I have a distaste for mediocrity.
More precisely, I have a distaste for the moral defense of mediocrity.
Struggle is not the problem. Limitation is not the problem. Bad luck is not the problem. The thing I can’t stand is when people freeze at a certain point in their development, then rename that stopping wisdom, virtue, or enlightenment.
Humans are born with some amount of agency, but whether that agency flourishes or dissolves depends enormously on environment, feedback, standards, and luck. Of course this creates variance. Some people keep expanding their range of action. Some atrophy early. That part is tragic, but not offensive.

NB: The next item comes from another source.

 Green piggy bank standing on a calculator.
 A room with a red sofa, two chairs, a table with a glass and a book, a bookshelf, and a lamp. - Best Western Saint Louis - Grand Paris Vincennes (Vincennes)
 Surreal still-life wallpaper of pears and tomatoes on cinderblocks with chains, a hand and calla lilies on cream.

What becomes offensive is what happens next. People moralize from their position, not from truth. They do not just accept where they stopped. They build a worldview that makes stopping look noble and continued striving look corrupt.
This is the split in Nietzsche that always gripped me. Not the cartoon version about domination, but the deeper one about self-overcoming. Everyone is constantly interpreting themselves and the world. Some people keep revising those interpretations against reality. Others freeze them, then defend the frozen version as if it were final truth. What Nietzsche called master and slave morality is, among other things, a story about what happens after that freeze.

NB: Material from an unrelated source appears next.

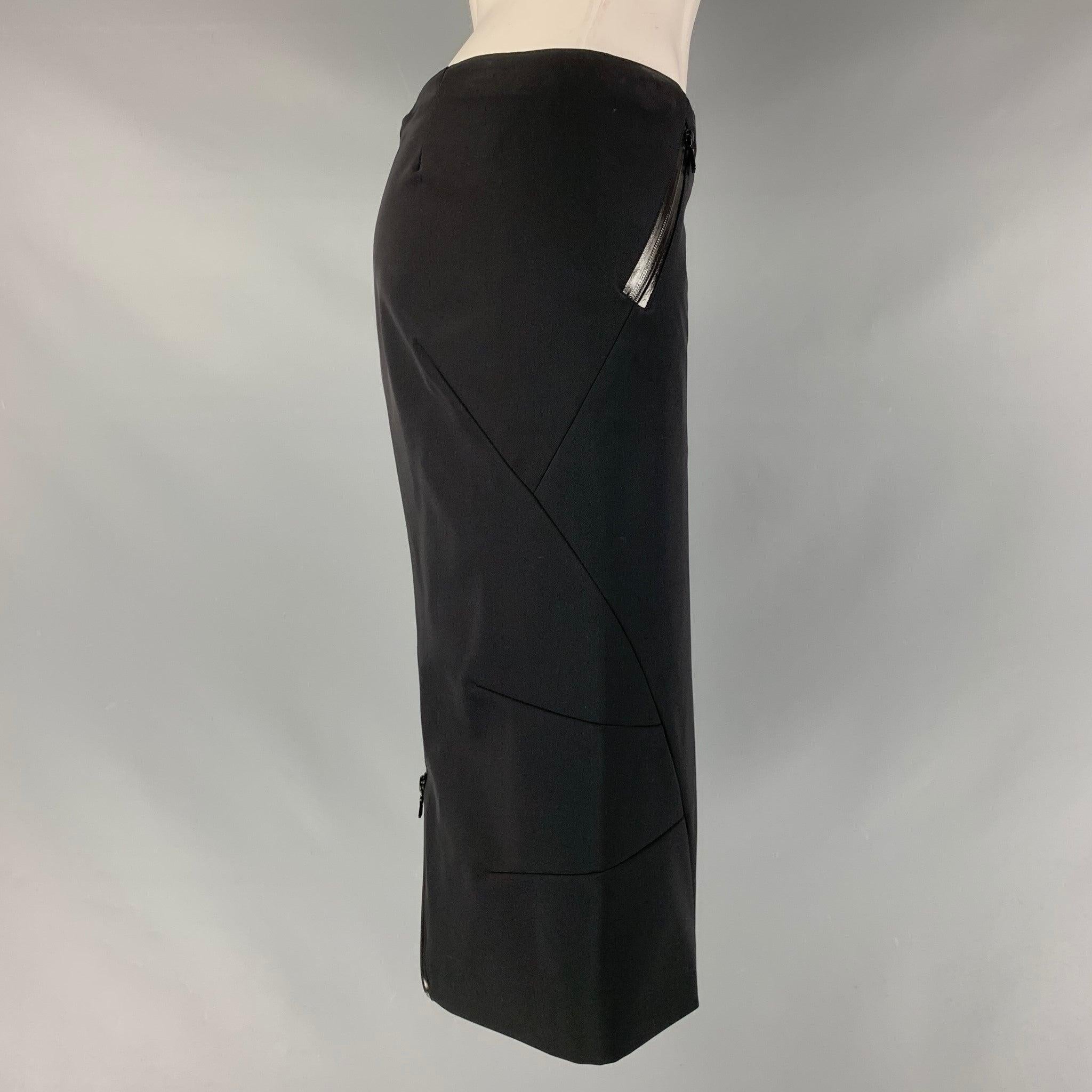 PRADA pencil skirt comes in a black polyester and elastane material featuring a water proof zippers, a slit at back and a center back invisible zip up closure. Very Good Pre-Owned Condition. Moderate mark at waistband. As-is. 
 

 Marked:  40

Deutsch and Popper sharpen this for me. A good explanation survives criticism. It is hard to vary. It keeps contact with reality. So the real divide is not between successful and unsuccessful people. It is between people still willing to subject their self-explanation to criticism and people who have begun protecting it from criticism.
That is where mediocrity becomes cultural poison. Stagnation rarely presents itself as stagnation. It speaks in the language of moral insight.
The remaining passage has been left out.